春のイベントで食材を回収しつつも田植えを済ませ、衣替えを終えたこの鎮守府。

つい先日、この地方にも梅雨入り宣言が出された。

 

まだ雨は降り出していないが、曇り空が広がっている。

 

間宮と伊良湖は今のうちとばかりに、倉庫に仕舞い込むコタツ布団をフル回転で洗濯し、干しまくっている。

 

毎年、コタツを撤去しようとする大淀・叢雲ら管理派閥と、その他の艦娘たち(主に海外艦娘たち)との攻防があるが、今年の抵抗運動は一味違った。

 

「コタツ死守闘争、断固完遂!」

 

ガングートとタシュケントの部屋の抵抗は、昨年までのコタツにしがみついて駄々をこねるだけの、ビスマルクやイタリア、南方棲戦姫の抵抗とは迫力が違った。

 

新人の大東やサミュエル・B・ロバーツ、ガンビア・ベイ(巻き込まれて涙目)、おまけに集積地棲姫と潜水新棲姫、同志ちっこいのまで引き込み、自室の前にバリケードを張って、完全に立て篭もったのだ。

 

たまりかねた長門や叢雲、アイオワ(『世界の警察』の腕章付き)、戦艦水姫らが、強行突入を主張して提督に決済を求めたが……。

 

「うーん……まだ寒い日もあるからねぇ……。ガングートの言い分も分かるし、実力行使は認めないから、みんなで説得してごらん」

 

ぬくぬくとコタツに入りながら、他人事のように言う提督。

 

「提督よ! そんなことで、艦隊の秩序が保てると思うのか!」

「アンタ…っ、酸素魚雷を食らわせるわよ!?」

「RedやTerroristの要求を聞いちゃNo! If you give a mouse a cookie, he's gonna wanna glass of milk!」

「ヤクニタタヌ…イマイマシイ……テイトクメッ!!」

 

艦娘たち(+α)に更なる不満をぶつけられても、むしろ艦娘たちの動揺を愉しむかのように、素知らぬ顔でお茶をすすっていた提督だが……誰かに強引にコタツから引っ張り出された。

 

「では、提督? ガングートさんたちに、今コタツを撤去する理由を述べて、説得すればいいんですね?」

 

その意外な人物の言葉に、一瞬で顔面蒼白になり「アッ、ハイ」と頷く提督。

 

そして……。

 

ガングートたちの部屋を訪れた間宮。

 

その背後に、ゴオオオオオッと怒りのオーラが見えて、ガングートたちも (ll゚д゚ll) な顔になった。

 

「今のうちにコタツを仕舞わないで、長雨が降ってきたらどうするんです?」

「雨が降れば寒くなる日もある! それこそコタツが必要ではないか! これはプロレタリアートの当然の権利であって……」

 

震えながらも、間宮に反論するガングート。

 

「雨の日に、洗濯物が乾くと思いますか?」

「え、いや……それは別の話……」

 

「仕舞う前の大量のコタツ布団の洗濯は誰がするんですかねえ?」

「ごめんなさい!」

 

「それから日向さん、榛名さん! いつまで表の瑞雲や飛び降り台を飾っておくんですか!? 洗濯物を干すのに、邪魔なんですけど?」

「う、うむ。

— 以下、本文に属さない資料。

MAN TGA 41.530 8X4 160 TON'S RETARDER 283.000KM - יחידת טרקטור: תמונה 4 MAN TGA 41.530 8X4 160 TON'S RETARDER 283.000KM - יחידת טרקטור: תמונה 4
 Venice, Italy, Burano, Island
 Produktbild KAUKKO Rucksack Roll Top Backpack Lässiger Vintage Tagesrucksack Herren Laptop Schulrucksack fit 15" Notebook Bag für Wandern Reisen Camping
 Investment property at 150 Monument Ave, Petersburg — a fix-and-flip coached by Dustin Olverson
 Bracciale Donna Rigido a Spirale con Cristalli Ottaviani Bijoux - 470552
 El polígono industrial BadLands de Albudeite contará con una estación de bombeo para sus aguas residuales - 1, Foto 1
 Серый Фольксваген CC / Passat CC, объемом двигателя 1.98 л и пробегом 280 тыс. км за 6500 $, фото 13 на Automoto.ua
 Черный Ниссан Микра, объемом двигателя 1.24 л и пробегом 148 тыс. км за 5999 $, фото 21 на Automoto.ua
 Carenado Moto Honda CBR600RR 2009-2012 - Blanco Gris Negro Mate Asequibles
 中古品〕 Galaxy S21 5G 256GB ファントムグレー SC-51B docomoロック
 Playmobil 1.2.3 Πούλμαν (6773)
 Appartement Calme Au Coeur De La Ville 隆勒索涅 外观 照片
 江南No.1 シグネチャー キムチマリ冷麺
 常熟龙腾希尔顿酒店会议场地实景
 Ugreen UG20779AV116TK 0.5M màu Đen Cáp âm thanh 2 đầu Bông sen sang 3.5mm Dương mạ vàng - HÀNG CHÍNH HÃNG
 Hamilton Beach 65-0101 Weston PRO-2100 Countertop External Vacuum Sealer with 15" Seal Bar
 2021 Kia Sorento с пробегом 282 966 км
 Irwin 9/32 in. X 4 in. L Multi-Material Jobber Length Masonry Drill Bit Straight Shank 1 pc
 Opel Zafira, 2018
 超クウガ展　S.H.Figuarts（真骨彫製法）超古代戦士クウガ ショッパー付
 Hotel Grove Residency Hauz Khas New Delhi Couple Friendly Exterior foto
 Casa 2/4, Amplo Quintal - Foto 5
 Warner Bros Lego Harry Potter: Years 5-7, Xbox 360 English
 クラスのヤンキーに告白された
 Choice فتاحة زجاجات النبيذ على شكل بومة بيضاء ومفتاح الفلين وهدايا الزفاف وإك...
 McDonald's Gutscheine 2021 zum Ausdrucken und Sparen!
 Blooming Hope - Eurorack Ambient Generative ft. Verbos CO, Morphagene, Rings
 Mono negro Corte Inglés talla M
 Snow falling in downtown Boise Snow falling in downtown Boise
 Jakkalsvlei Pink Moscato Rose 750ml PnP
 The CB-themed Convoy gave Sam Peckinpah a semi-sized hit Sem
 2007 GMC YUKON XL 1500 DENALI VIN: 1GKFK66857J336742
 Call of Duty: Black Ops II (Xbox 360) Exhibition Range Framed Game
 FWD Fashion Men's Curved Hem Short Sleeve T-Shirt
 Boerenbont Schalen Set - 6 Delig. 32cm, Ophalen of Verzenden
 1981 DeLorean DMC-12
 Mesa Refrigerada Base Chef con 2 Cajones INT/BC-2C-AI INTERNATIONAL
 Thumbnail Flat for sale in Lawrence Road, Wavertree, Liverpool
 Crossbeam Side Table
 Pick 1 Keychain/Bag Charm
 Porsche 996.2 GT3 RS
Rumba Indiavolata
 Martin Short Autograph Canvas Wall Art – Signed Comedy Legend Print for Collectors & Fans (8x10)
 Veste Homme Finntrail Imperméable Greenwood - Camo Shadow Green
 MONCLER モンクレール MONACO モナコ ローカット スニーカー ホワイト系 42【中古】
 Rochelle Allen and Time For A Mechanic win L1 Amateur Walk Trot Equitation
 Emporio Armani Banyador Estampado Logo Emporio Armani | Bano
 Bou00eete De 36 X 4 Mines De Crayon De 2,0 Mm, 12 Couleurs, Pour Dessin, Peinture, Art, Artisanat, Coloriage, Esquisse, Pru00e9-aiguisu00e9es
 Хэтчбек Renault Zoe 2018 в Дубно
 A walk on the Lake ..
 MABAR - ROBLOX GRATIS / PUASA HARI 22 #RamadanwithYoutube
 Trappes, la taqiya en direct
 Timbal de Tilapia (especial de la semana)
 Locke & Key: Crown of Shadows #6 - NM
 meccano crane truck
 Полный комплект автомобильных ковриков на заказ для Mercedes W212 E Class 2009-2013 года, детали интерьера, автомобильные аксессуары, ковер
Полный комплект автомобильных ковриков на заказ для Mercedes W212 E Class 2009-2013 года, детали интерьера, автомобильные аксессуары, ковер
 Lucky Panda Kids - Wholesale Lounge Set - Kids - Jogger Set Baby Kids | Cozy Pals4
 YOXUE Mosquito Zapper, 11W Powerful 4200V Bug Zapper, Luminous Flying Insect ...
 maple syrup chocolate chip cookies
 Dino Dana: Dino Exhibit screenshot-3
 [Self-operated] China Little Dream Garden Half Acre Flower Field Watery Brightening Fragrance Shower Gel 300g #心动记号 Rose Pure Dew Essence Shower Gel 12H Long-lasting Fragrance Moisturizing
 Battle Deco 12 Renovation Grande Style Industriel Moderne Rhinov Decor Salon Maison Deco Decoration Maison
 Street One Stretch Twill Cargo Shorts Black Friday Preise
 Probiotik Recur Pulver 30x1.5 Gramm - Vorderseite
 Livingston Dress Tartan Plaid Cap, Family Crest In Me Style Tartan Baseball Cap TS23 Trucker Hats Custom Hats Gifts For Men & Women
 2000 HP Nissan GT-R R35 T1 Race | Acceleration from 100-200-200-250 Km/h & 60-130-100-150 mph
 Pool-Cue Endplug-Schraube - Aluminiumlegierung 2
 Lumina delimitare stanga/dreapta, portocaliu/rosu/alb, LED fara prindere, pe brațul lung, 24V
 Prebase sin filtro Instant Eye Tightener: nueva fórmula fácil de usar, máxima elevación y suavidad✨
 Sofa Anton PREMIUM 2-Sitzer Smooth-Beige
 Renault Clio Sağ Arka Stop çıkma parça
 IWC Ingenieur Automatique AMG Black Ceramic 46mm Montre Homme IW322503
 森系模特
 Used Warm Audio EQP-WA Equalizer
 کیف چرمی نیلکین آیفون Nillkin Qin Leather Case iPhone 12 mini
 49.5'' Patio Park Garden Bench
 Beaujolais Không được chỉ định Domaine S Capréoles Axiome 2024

すぐに撤去する」

「はひっ!」

 

流れ弾が飛んできた日向と榛名も、慌てて瑞雲祭りを終わらせに駆け出した。

 

こうして、鎮守府のコタツ(及び瑞雲)の撤去は6月13日に断固として行われ、ガングートらは牛殺し(デコピン)の刑に処されたのだった。

 

 

【挿絵表示】

 

 

 

提督は、間宮と伊良湖の私室にお呼ばれした。

 

元温泉旅館の住み込みの従業員用の部屋なのだが、掃除が行き届いた清楚な六畳の和室とトイレだけを残し、後は全てが台所とその付帯設備に改修されている。

 

今日は食堂もお休みで、鳳翔さんの居酒屋や、艦娘たちが自発的に開く屋台などが鎮守府の胃袋を支えている。

 

とりあえず卓袱台の前の座布団に座ると、伊良湖がビールを出してくれた。

 

幻想上の生物を商標にした定番の瓶ビールと、グラスが程よく冷えている。

付き出しは手長海老の串焼きに粉山椒をふったもの。

 

香ばしく焼けた海老と粉山椒のピリッとした組み合わせが、ビールの苦味によく合う。

 

続けて、雲丹(うに)が入っているのだろう、オレンジがかった饅頭と、じゅんさいの入った椀物。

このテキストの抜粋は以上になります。